Il est, de tous les animaux, celui qui a été le plus souvent représenté. Son courage, la terreur qu’il inspirait, et aussi la belle harmonie de ses formes, son maintien noble et digne, la souplesse et la force de ses mouvements, tout contribuait à attirer sur lui l’attention des hommes en général et, en particulier, celle des artistes.

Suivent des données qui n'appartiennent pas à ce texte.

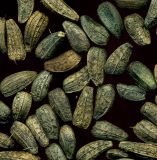 Arctium tomentosum. Плоды-семянки (хохолки удалены). Курская обл., Железногорский р-н, дер. Клишино, ур. Нележ, опушка леса. 1 ноября 2009 г.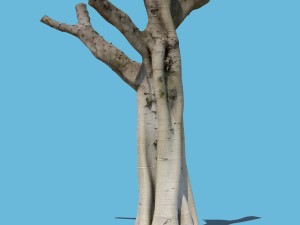 woody harrelson 3D Model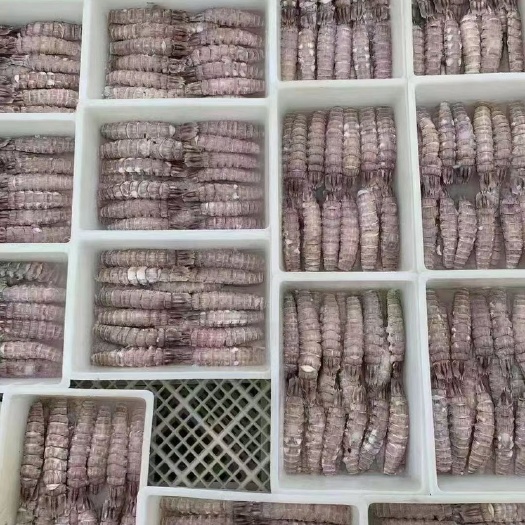 乳山市精品皮皮虾虾肉，厂家直供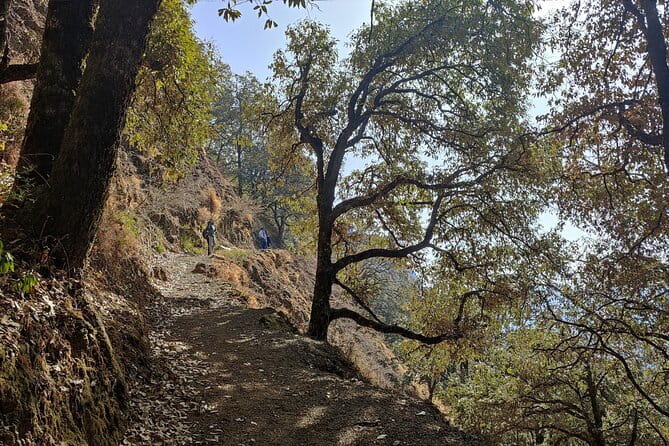 Benog Trek into the Wild - Trek rhythm: how the 3-4 hour loop feels on the ground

Cette large face, ce regard presque humain, cette crinière splendide qui couvre les épaules comme un manteau, figurent déjà sur les monuments assyriens. Les scènes de chasse y sont fréquentes : tantôt c’est un grand roi, dont le sculpteur retrace les hauts faits, qui saisit un lion par la crinière et le transperce d’une lance ; tantôt, du haut d’un char, le chasseur couvre de flèches son royal adversaire qui, criblé de blessures, bondit toujours. Les lions assyriens ont, au repos ou en action, un aspect féroce ; les muscles et même les veines font des saillies accusées. Les Égyptiens ont combiné, dans leurs sphinx, le corps du lion avec la tête humaine, pour symboliser, sans doute, la force unie à l’intelligence. Les sphinx sont presque toujours représentés couchés ; ils jouent un rôle considérable dans l’art de cette époque. Beaucoup de pieds de meubles sont des pattes de lion ; il est remarquable que les pieds de derrière des sièges et des lits sont représentés par des pattes de derrière.

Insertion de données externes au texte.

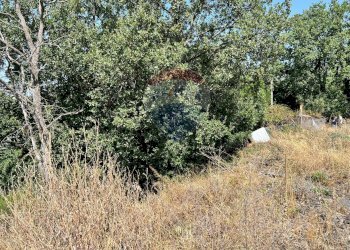Giardino - Terreno agricolo Contrada Rocca dell'Estensione
 
snc, Ragalna - foto 7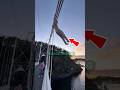 He Pretended To Jump Off The Bridge… Then Did The Unthinkable 😳🌉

Chez les Perses, le combat du lion et du taureau - déjà ! - est un motif qui revient fréquemment. La victoire du lion symbolise sans doute le triomphe de la force intellectuelle et de la force brutale. Dans l’art asiatique de ces époques lointaines, les lions gardent les tombeaux ou les portes des villes et des palais.
En Grèce, les supports des meubles sont des pieds de lion à griffes ; les sphinx modifiés n’ont plus leur primitive raideur ; la coiffure égyptienne a disparu ; c’est une gracieuse tète de femme sur un corps de femme qui se termine en croupe de lionne et porte en avant des pattes de lionne ; sur le dos s’élèvent des ailes larges, fournies, aux pointes souvent redressées. Le lion garde encore les tombeaux (mauselée d’Halicarnasse, tombe des Thébains morts à la bataille de Chéronée, etc.) ; il figure sur les frises ; sa tête a fourni un élément décoratif des plus intéressants, le cheneau, que nous fournissent plusieurs temples.

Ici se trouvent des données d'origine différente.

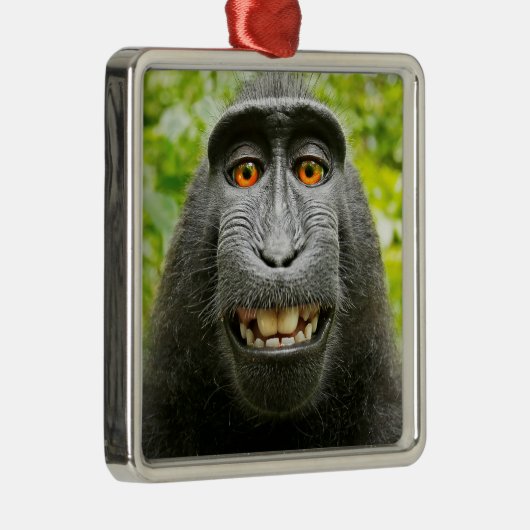 Monkey Selfie Metalen Ornament (Rechts)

A Rome, on sait le rôle que jouèrent les lions dans les jeux publics ; on prétend même que des lions apprivoisés traînaient des chars qui circulaient dans la ville ; ainsi les modèles ne manquaient pas aux artistes.
Au moyen âge, la figure du lion est déformée souvent à tel point qu’elle en devient méconnaissable ; son corps, uni à celui de l’aigle ou d’autres animaux donne des griffons, des chimères, etc. Dans le blason, il abonde après les croisades, Naissant, quand il n’est vu qu’à moitié, il est morne quand il est dépourvu de dents et de langue, affamé quand il n’a pas de queue -sans doute parce qu’il la serre entre ses pattes- lampassé, quand la langue et les griffes sont d’une autre couleur que le corps, etc.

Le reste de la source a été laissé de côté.